From the entries below, output the line with "Inkout Lexmark 14L0177EXL" and each following line up to and including the line with "Borboleta Brow Serum", exactly as written.

INPUT DATA START

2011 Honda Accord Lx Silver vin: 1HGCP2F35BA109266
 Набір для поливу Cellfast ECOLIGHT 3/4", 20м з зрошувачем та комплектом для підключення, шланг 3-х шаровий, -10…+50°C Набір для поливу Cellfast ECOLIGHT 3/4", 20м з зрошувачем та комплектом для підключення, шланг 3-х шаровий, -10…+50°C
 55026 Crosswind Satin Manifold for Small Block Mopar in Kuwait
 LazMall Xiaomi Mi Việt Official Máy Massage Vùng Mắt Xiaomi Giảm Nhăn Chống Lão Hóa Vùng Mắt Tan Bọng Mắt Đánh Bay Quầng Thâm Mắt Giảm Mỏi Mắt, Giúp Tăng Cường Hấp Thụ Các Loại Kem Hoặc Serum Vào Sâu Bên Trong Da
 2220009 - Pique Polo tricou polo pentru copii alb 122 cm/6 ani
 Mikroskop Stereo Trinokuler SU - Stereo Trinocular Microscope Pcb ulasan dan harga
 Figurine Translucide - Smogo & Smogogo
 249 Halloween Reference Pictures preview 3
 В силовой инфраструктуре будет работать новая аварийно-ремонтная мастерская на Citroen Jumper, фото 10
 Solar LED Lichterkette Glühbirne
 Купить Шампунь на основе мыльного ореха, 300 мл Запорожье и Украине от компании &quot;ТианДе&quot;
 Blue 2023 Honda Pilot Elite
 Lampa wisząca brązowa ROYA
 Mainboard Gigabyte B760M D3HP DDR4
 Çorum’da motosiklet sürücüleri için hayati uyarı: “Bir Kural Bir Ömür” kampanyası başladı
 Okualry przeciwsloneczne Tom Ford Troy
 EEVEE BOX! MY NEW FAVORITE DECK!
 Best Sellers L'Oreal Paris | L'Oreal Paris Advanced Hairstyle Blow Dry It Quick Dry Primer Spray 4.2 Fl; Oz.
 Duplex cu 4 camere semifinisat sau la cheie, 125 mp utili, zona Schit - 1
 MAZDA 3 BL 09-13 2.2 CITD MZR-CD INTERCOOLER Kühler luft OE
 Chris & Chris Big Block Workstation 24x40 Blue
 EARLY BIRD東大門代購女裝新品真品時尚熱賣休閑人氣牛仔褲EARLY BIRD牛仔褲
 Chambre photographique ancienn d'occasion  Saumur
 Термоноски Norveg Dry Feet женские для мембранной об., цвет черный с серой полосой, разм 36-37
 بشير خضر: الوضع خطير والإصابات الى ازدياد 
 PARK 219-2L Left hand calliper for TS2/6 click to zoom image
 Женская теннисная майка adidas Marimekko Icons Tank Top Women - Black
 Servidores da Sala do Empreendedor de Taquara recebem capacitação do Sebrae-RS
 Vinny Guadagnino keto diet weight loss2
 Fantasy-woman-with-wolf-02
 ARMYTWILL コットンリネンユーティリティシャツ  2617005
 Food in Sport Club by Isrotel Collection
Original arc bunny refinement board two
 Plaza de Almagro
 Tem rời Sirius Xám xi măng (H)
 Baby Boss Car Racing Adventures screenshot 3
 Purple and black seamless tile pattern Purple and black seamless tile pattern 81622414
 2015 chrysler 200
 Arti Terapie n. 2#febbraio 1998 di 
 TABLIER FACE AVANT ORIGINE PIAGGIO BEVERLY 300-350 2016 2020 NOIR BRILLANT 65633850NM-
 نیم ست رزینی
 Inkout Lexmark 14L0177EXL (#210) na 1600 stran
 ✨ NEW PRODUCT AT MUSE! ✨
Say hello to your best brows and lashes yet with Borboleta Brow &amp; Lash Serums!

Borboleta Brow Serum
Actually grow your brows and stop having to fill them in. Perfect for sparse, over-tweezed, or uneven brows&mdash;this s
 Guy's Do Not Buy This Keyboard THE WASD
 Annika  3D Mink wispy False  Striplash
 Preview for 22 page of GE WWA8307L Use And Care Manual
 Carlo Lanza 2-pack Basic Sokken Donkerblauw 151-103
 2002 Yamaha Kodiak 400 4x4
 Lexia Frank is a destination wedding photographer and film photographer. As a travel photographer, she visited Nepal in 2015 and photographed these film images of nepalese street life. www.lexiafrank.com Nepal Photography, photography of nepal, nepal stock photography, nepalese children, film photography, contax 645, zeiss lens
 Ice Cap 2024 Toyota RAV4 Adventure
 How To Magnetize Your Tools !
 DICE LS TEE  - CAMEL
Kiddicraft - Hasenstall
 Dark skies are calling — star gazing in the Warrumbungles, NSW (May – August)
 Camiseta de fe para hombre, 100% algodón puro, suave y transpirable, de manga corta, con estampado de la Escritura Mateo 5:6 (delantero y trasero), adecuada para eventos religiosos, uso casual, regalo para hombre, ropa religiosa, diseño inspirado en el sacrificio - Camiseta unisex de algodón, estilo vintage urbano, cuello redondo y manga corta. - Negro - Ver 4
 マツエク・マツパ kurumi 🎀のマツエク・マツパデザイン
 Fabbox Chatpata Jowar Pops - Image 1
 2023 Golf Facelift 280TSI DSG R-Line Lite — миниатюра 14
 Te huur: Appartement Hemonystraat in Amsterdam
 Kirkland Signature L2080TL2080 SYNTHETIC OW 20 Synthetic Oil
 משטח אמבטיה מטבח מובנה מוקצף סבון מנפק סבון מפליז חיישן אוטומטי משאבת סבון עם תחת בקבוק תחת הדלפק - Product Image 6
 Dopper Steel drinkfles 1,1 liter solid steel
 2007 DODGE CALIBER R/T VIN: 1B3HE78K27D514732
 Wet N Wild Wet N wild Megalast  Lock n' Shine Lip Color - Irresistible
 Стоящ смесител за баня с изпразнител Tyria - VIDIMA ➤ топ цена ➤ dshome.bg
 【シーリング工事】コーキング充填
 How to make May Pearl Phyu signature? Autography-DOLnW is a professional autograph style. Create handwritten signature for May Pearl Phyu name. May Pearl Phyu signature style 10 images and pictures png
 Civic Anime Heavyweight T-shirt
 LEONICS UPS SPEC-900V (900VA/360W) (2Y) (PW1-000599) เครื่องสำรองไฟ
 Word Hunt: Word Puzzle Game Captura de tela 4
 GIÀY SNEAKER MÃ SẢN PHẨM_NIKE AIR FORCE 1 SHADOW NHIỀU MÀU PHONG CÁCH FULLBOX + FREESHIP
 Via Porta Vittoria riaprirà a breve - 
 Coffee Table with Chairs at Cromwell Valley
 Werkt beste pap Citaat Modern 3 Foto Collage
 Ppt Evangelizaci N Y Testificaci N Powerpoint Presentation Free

INPUT DATA END

RESULT FOR THIS EXERCISE
 Inkout Lexmark 14L0177EXL (#210) na 1600 stran
 ✨ NEW PRODUCT AT MUSE! ✨
Say hello to your best brows and lashes yet with Borboleta Brow &amp; Lash Serums!

Borboleta Brow Serum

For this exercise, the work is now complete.